### WHAT TO DO
Leave the pictures out, and repeat exactly each line from the one that holds "New HIF Dashboard" through the final line of the entries below.

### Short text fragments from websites
---

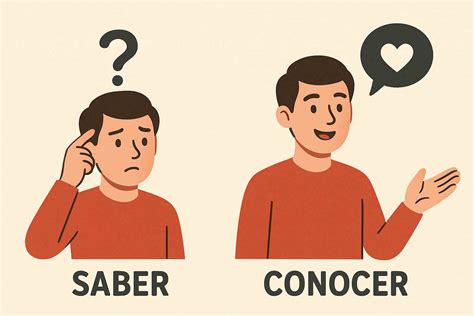 Saber or Conocer? The Difference Explained Simply - Escuela Carmen Vega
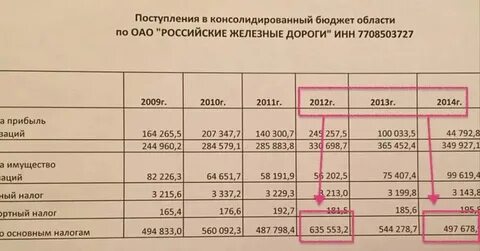 На сколько повысят зарплату в ржд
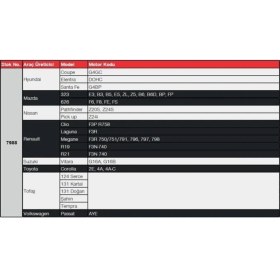 Resim Ngk 7988 Lpg 4'lü Buji Takımı BPR6ES BPR5ES11 BPR5E 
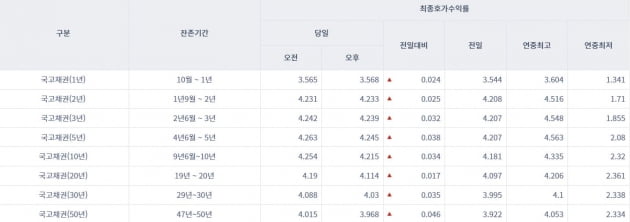 [오늘의 채권시장] 국고채 금리 일제히 상승…3년물 연 4.239%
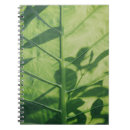 Search for tumblr notebooks Pattern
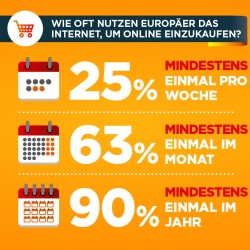 Thumbnail-Foto: Jeder vierte Internetnutzer in Europa kauft jede Woche online ein...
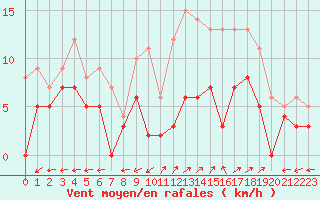 Courbe de la force du vent pour Albi (81)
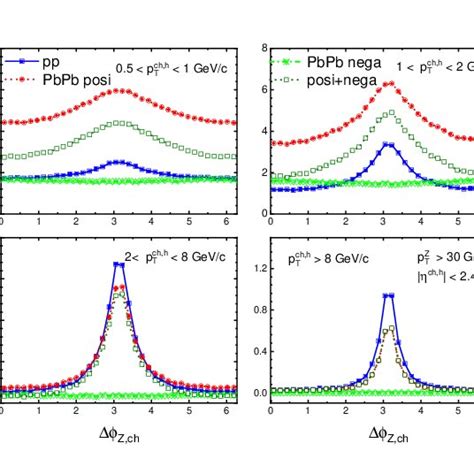 Color Online Top The Azimuthal Angle Correlation Z Ch Between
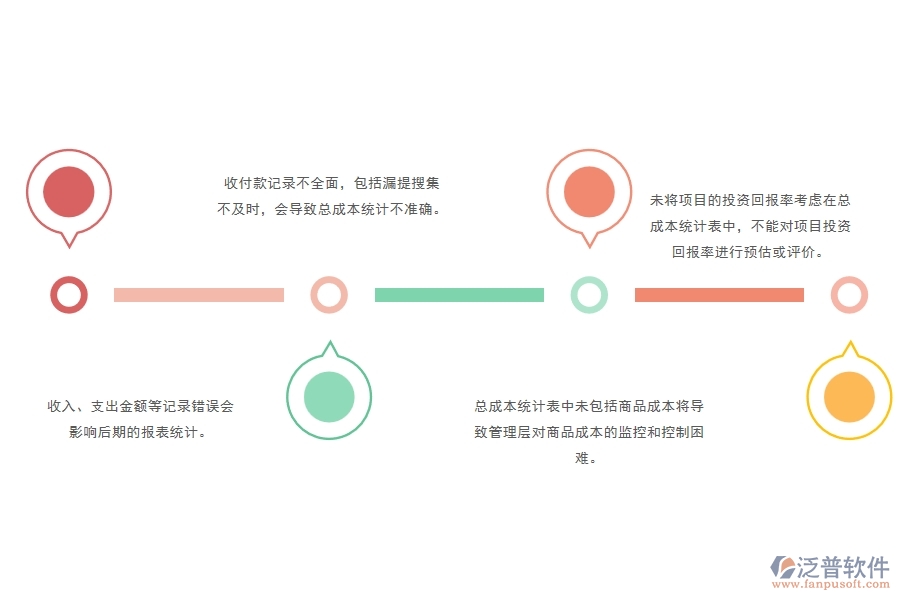 一、多數(shù)安防企業(yè)在項目總成本統(tǒng)計表(按收付款取數(shù))中存在的問題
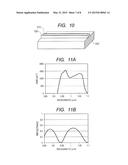 WAVELENGTH-VARIABLE LASER INCLUDING SOA AND OPTICAL COHERENCE TOMOGRAPHY     APPARATUS INCLUDING THE LASER diagram and image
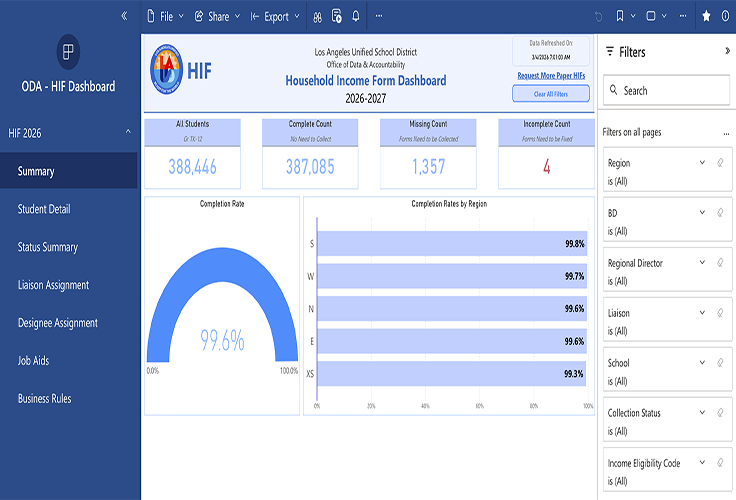 New HIF Dashboard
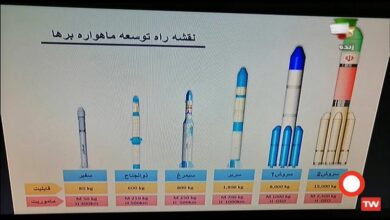 Photo of Новости космоса: какие открытия сделан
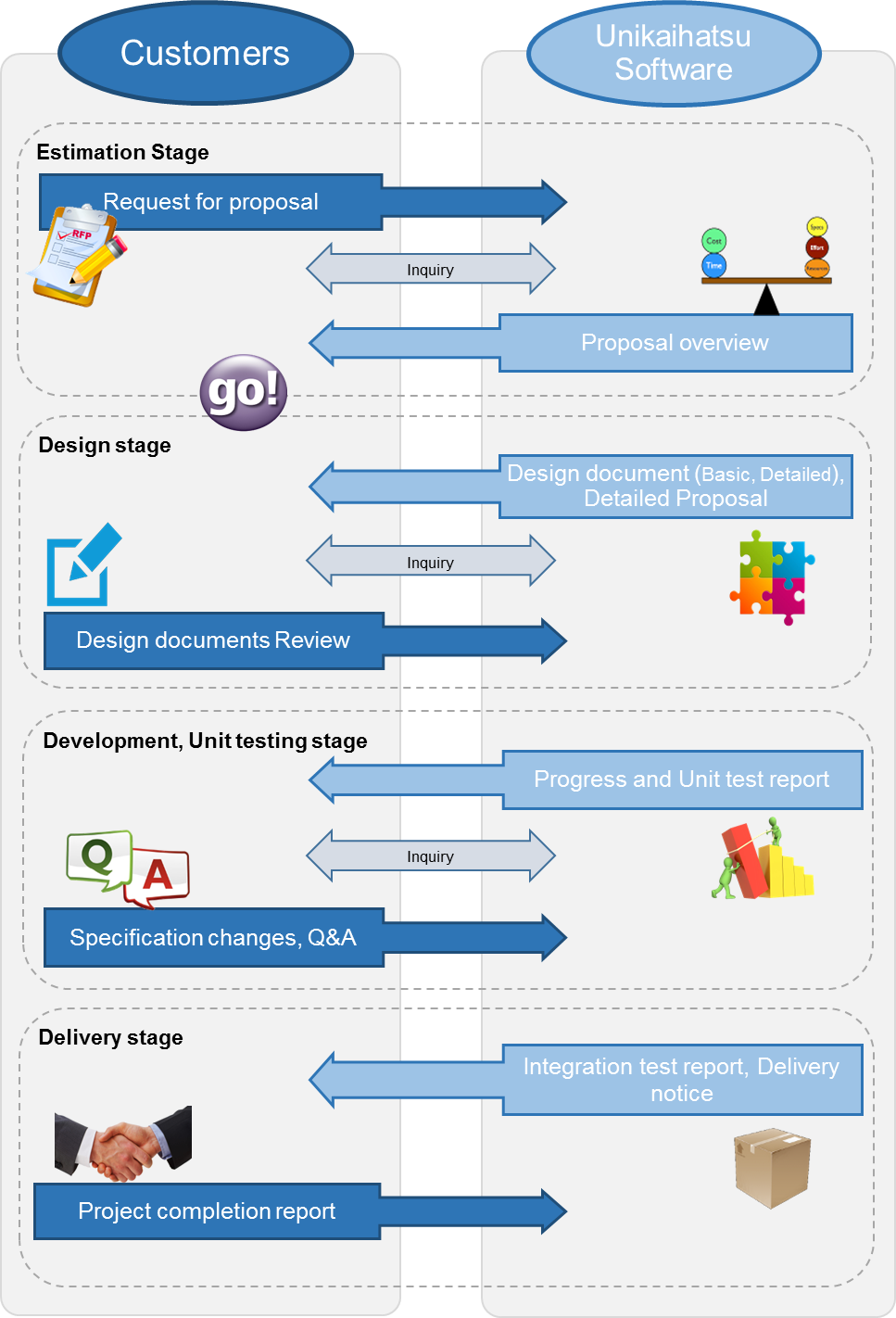 English SDLC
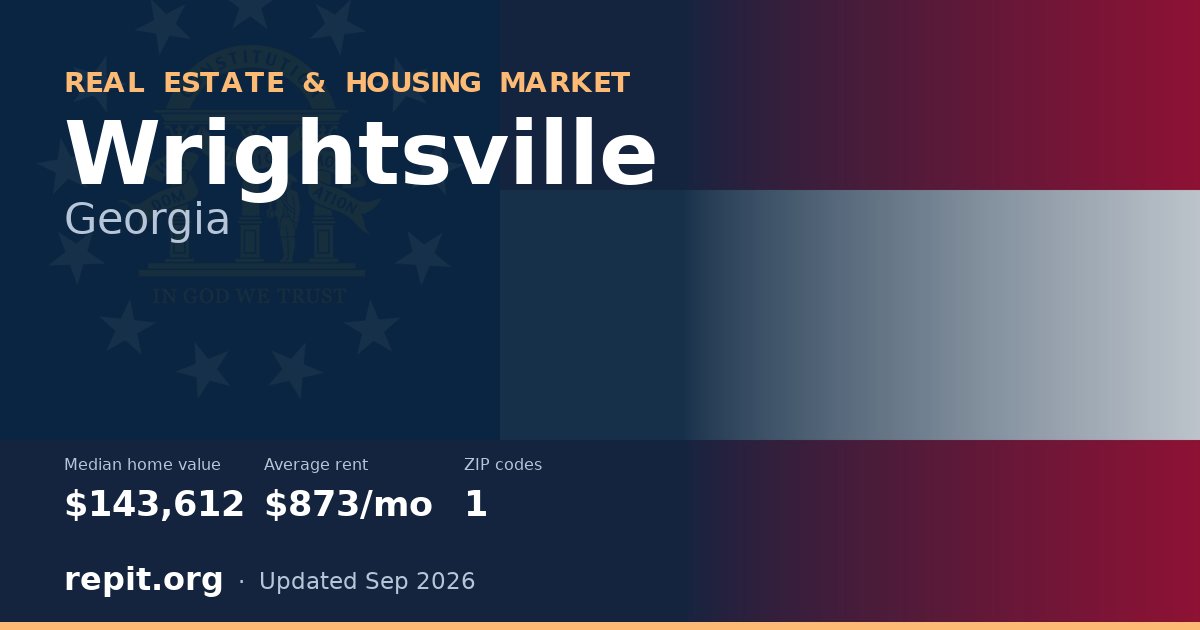 Wrightsville, GA real estate and housing market — median home value $143,612, average rent $873/mo, 1 ZIP code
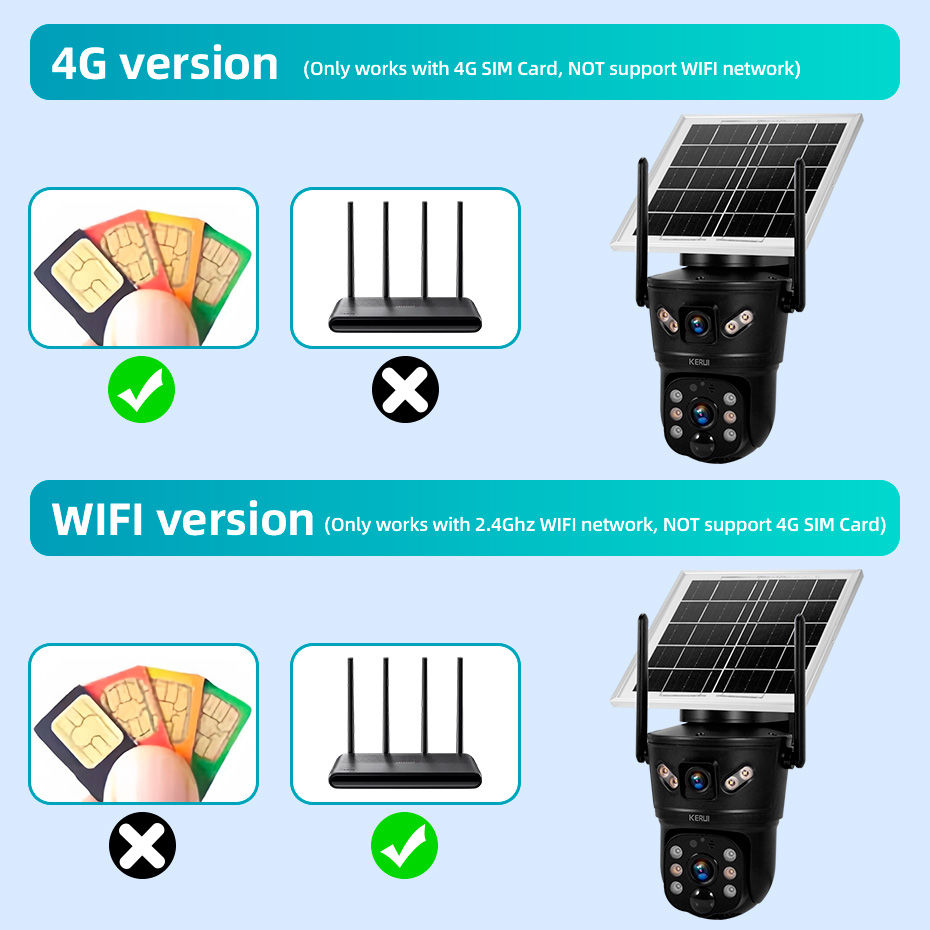 Thumbnail: KERUI Outdoor Waterproof 6MP 4G SIM WIFI Solar Camera Dual Lens Camera Solar Pan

---

### ANSWER SPACE
 New HIF Dashboard
 Photo of Новости космоса: какие открытия сделан
 English SDLC
 Wrightsville, GA real estate and housing market — median home value $143,612, average rent $873/mo, 1 ZIP code
 Thumbnail: KERUI Outdoor Waterproof 6MP 4G SIM WIFI Solar Camera Dual Lens Camera Solar Pan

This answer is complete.